После встречи с Пазовским я смело раздвинул рамки своей деятельности и вошел в «святая святых» оперы: что поется и как поется. Постепенно стал заниматься и интонацией певца, и словом, и светом, волноваться и отвечать за все.
Пришедшие в зал для уборки капельдинеры с доброй улыбкой посматривали на меня: «Что, распушил?» И это было не обидно.
После одного из таких «разносов» Бриккер — главный концертмейстер при Пазовском, — встретив меня в театре, иронично поклонился в пояс. Оказалось, что вечером во время очередного урока-спевки Арий Моисеевич что-то сказал обо мне. «Что же?» — допытывался я.
Примерно следующее: «Мне иногда кажется, что, может быть, когда-нибудь при очень благоприятных обстоятельствах Покровский смог бы понять и сделать кое-что… Не знаю, не знаю… Конечно, вряд ли».
В устах Пазовского это была наивысшая похвала.

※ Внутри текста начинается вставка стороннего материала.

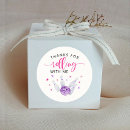 Pesquisar por festa de aniversário da boliche adesivos Estrelas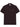 Polo dal taglio classico L.12.12 Original marrone 1212 3LA LACOSTE 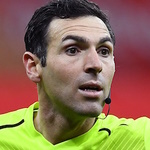 Juan Luca Sacchi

«Признал!» — ткнув в меня пальцем, сказал знаменитый Сусанин после урока с Пазовским. Дирекция и артисты стали ко мне намного почтительнее. И я… налег на репетиции. Может быть, в это время Арий Моисеевич и записал в готовящуюся тогда книгу несколько теплых (с надеждой!) слов обо мне.[23] Хочется думать так. И невыразимо обидно и стыдно, что я скорее избегал Пазовского, чем пользовался его уроками.

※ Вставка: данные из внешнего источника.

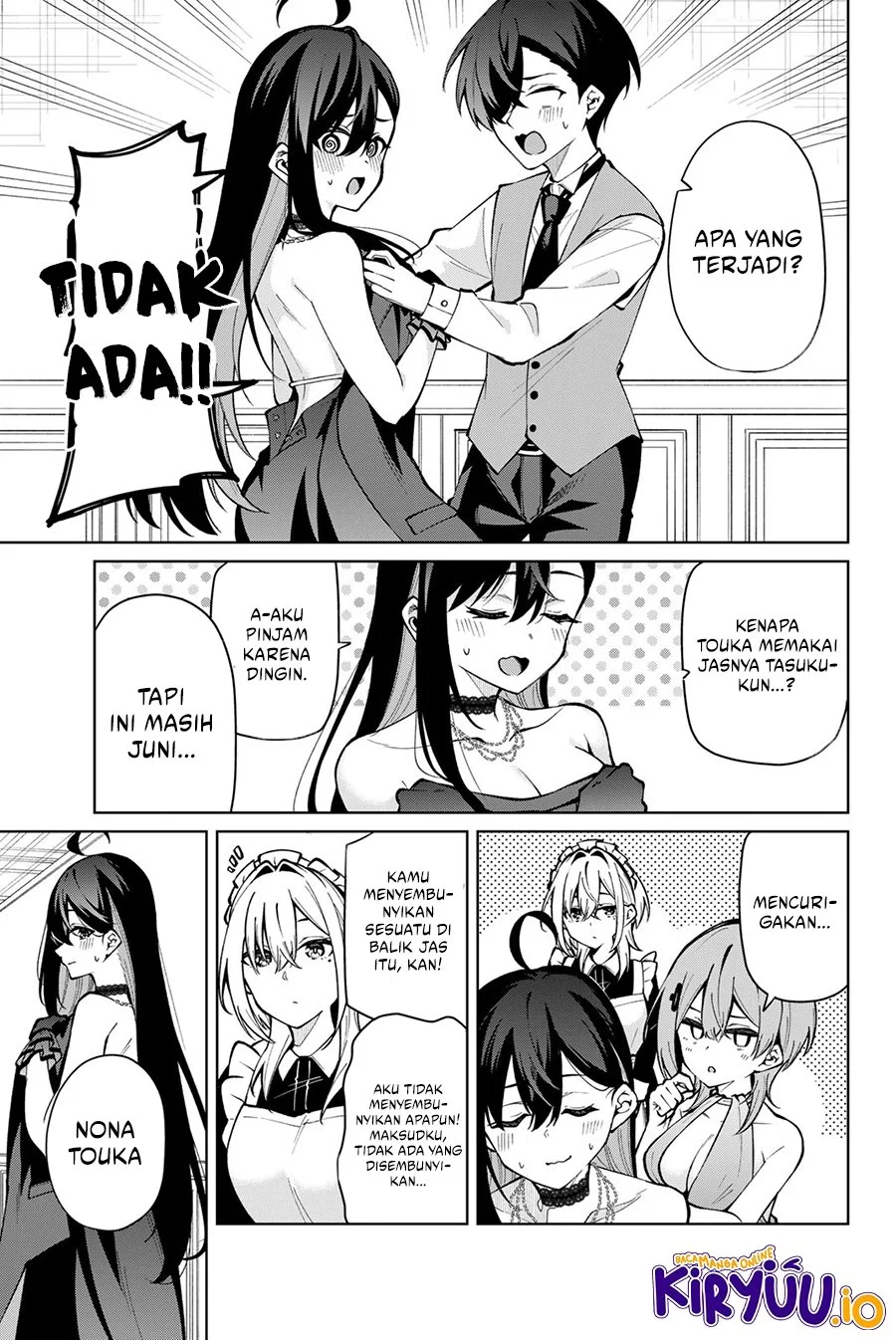 Halaman 18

Между тем стена между главным дирижером и коллективом все росла. Пазовский не мог снизить свои требования. Соответствовать им могли немногие. Работая, он мечтал создавать «эталоны». Это требовало огромного труда и времени. Его кабинет превратился в класс для избранных. Но, как и каждый театральный коллектив, Большой театр — это еще и «производство», и его «рентабельность» определяется качеством текущего репертуара. Те, кто нес этот репертуар, разумеется, скептически относились к занятиям в таинственном кабинете. Пазовский был малодоступен, каждая встреча с ним пахла разгромом, справедливым, но неприятным.